* **Data excerpt**:
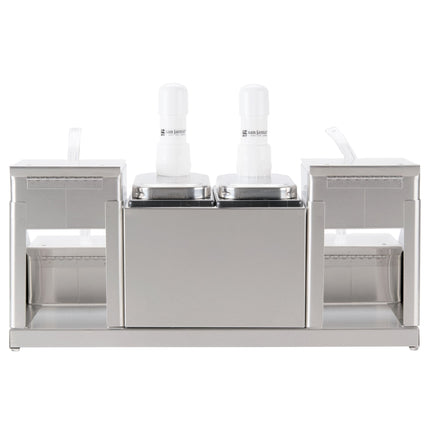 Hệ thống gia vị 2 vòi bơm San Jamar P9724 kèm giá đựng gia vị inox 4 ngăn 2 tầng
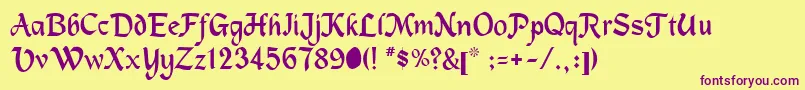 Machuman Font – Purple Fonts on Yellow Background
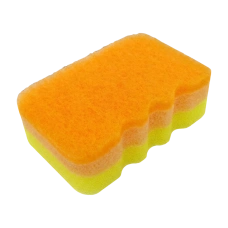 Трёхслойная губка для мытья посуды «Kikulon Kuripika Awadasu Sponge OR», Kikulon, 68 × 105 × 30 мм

* **Problem statement**: Leave the pictures out and output the rest of the listing exactly.

* **Output below**:
 Hệ thống gia vị 2 vòi bơm San Jamar P9724 kèm giá đựng gia vị inox 4 ngăn 2 tầng
 Machuman Font – Purple Fonts on Yellow Background
 Трёхслойная губка для мытья посуды «Kikulon Kuripika Awadasu Sponge OR», Kikulon, 68 × 105 × 30 мм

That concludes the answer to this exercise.